La violenza sponsorizzata dai governi però non si limita solo al territorio libico, l’ultimo tratto di un percorso lunghissimo che i migranti devono percorrere, ma comincia ben più lontano. Nel rapporto, l’agenzia Onu sottolinea come in realtà il vero numero delle persone che perdono la vita ogni anno cercando di raggiungere l’Europa è effettivamente impossibile da calcolare, perché le morti nel deserto non sono registrate in nessun modo, e molti altri pericoli a cui sono esposte le persone che migrano.

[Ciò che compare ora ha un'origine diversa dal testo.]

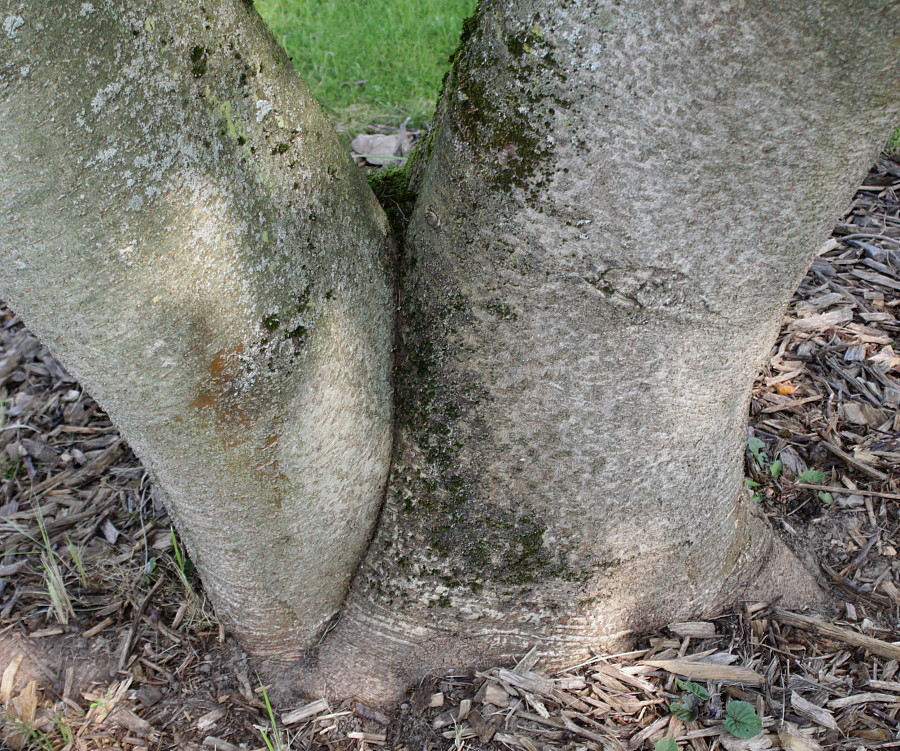 Image of Idesia polycarpa specimen.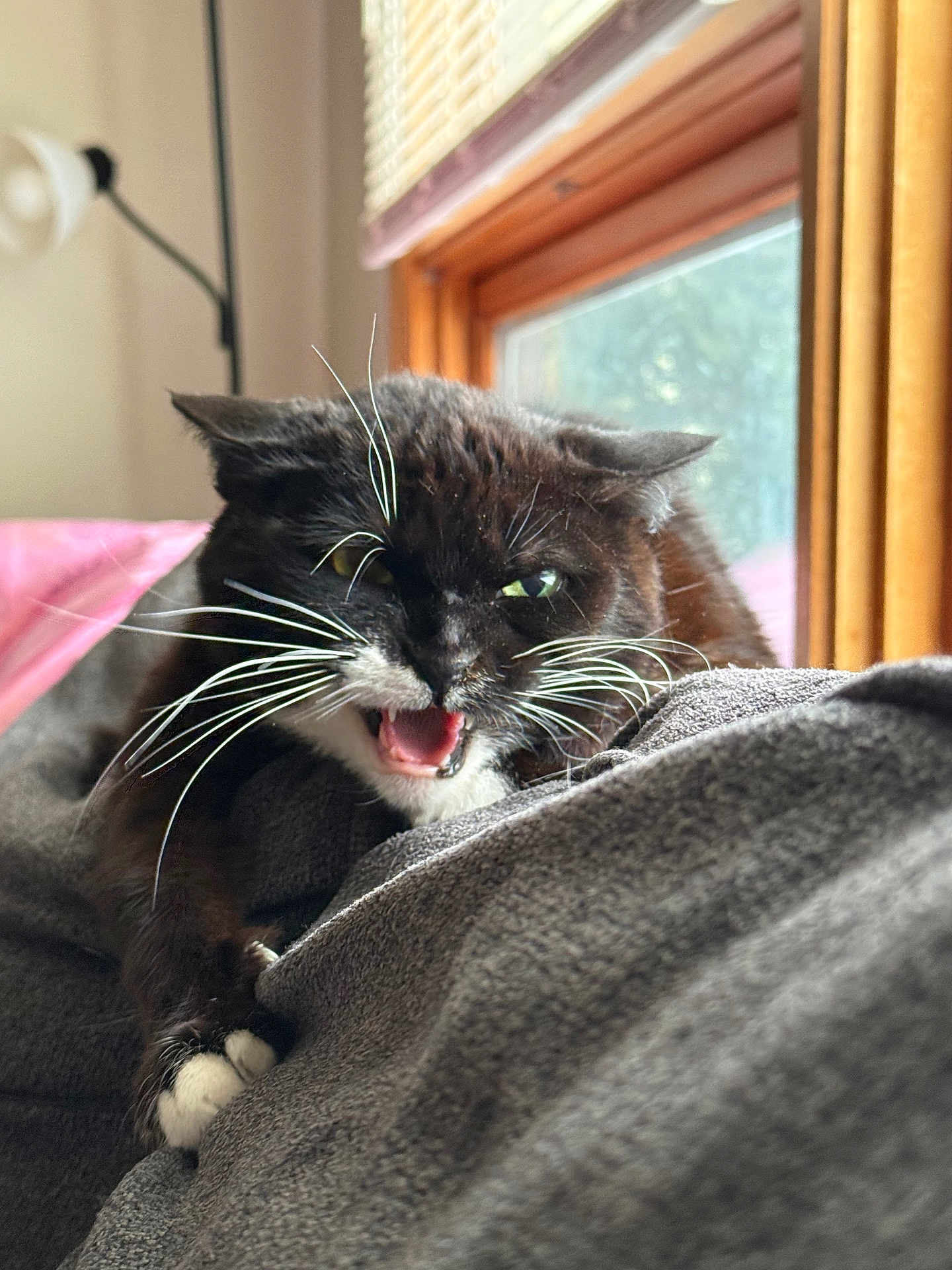 Gertrude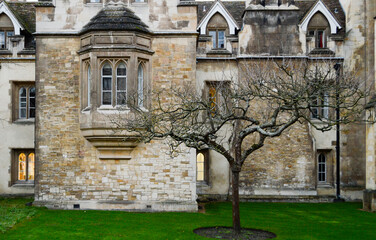 Newton's Apple Tree in Cambridge, UK.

Secondo analisi di Unhcr e 4Mi, negli ultimi due anni hanno perso la vita come minimo una media di 72 persone al mese nel deserto. L’agenzia sottolinea che lo spazio d’azione lasciato a componenti criminali e milizie non sia un elemento semplicemente da contrastare, ma che la loro stessa esistenza sia causata dall’inazione degli stati, che costringono chi migra a fare affidamento a soluzioni sempre più pericolose e costose. Inoltre, l’agenzia sottolinea la necessità da parte degli altri stati di sostenere chi sopravvive al viaggio e chiede sia fatta giustizia — condividendo informazioni e assistendo le agenzie nell’indagare gli autori di abusi e violenze.
Mentre in Libia si muore in questo modo, la politica italiana è tutta occupata dalla nuova “invasione” — così la chiamano stamattina i soliti giornali di destra — dei migranti che approdano sulle coste siciliane, provenienti soprattutto dalla Tunisia, e dalla cattiva gestione dei centri d’accoglienza in Sicilia. I numeri sono lontanissimi da quelli degli anni 2014-2017, ma le autorità locali sono sul piede di guerra e la Lega sta cercando in tutti i modi di cavalcare questa nuova “emergenza.” E anche in questo caso la reazione del governo è di sostanziale paralisi e sperare che, semplicemente, l’emergenza passi: tanta è la paura di esporsi su un tema così monopolizzato dalle forze neofasciste. Tanto, come detto, chi ci va di mezzo non ha né nome, né volto, né tessera elettorale.